2020年3月16日、小型ロケットベンチャーのグローバルリーダーであるRocket Labは、小型衛星のコンポーネントベンチャーSinclair Interplanetaryを買収したと報じました(ニュースリリース)
Rocket Labとは
Rocket Labは、米国カリフォルニア州に拠点を置く小型ロケットや各ペイロード輸送に関するビジネスを展開しているベンチャー企業です。この分野においては、グローバルリーダーとして位置付けられている有名な企業で、自社製ロケットElectronは、世界No.1の実績のある小型ロケットと言っても過言ではありません。それ以外にも、Protonという小型衛星プラットフォームを使ったライドシェアビジネスにも力を入れています。
一方、買収されたSinclair Interplanetary)は、カナダのトロントを拠点とする小型衛星などのコンポーネントを製造するベンチャー企業です。
ニュースのポイント
一見すると、ロケットと衛星という違った分野において、なぜロケットベンチャーが衛星コンポーネントベンチャーを買収するという事象が発生したのでしょうか。
ひとつは、Rocket Labは、Sinclair Interplanetaryの顧客を小型ロケットElectronによる顧客として囲い込みたい狙いがあるとみれます。近年、大型衛星による小型衛星の大量打ち上げが頻繁に行われており、小型ロケットの存在意義を消し去ろうとする動きも世界ではみられ始めているからです。Rocket Labは、Protonという衛星プラットフォームを使って、ライドシェアービジネスに力を入れていることは先に述べましたが、これにより一度に多くの小型衛星を輸送したい狙いがあります。

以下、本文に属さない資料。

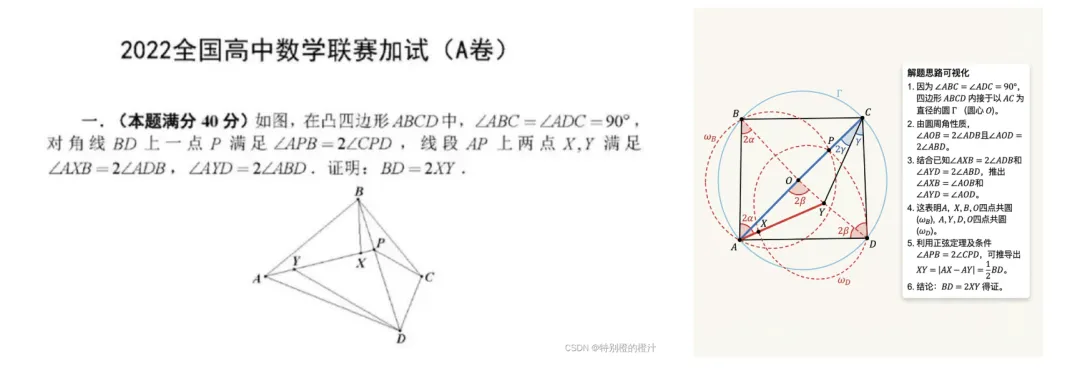 Visual Problem Solving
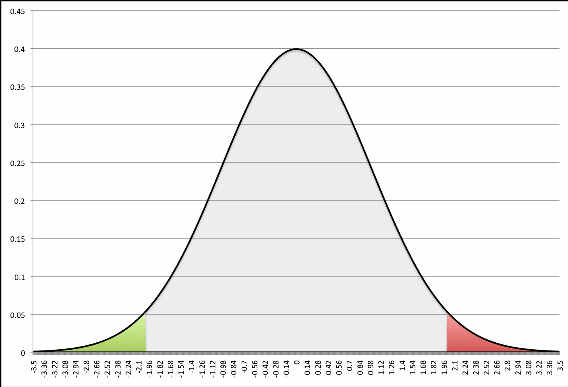 Prevalentie in Nederland Prevalentiecijfers lopen zeer uiteen: Kinderen: 26-58% (Jelsma et al. 2013, Giessen et al.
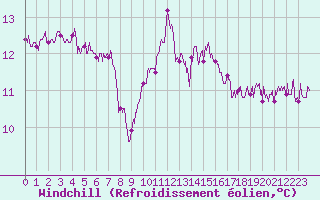 Courbe du refroidissement olien pour Ile de Groix (56)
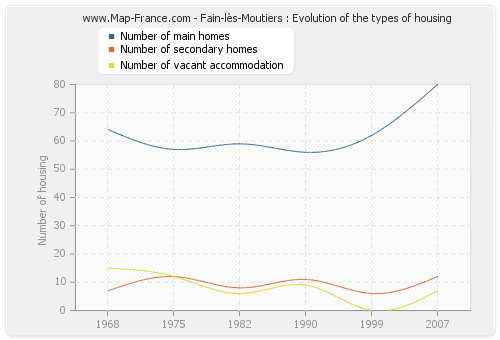 Fain-lès-Moutiers : Evolution of the types of housing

もう一つは、Sinclair Interplanetaryの小型衛星コンポーネントをRocket Labが輸送ビジネスに活用する可能性です。Rocket LabのProtonには、スタートラッカーやリアクションホイールなどSinclair Interplanetaryが得意とする小型衛星用のコンポーネントを搭載することで、ライドシェアビジネスの成功を加速させることができるのではないでしょうか。
まとめ
New Spaceの分野において、小型ロケットと小型衛星の両ベンチャーが連携することでWin-Winの関係を構築しようとするシーンが増えてきました。同様のニュースが今後も増える可能性が高い。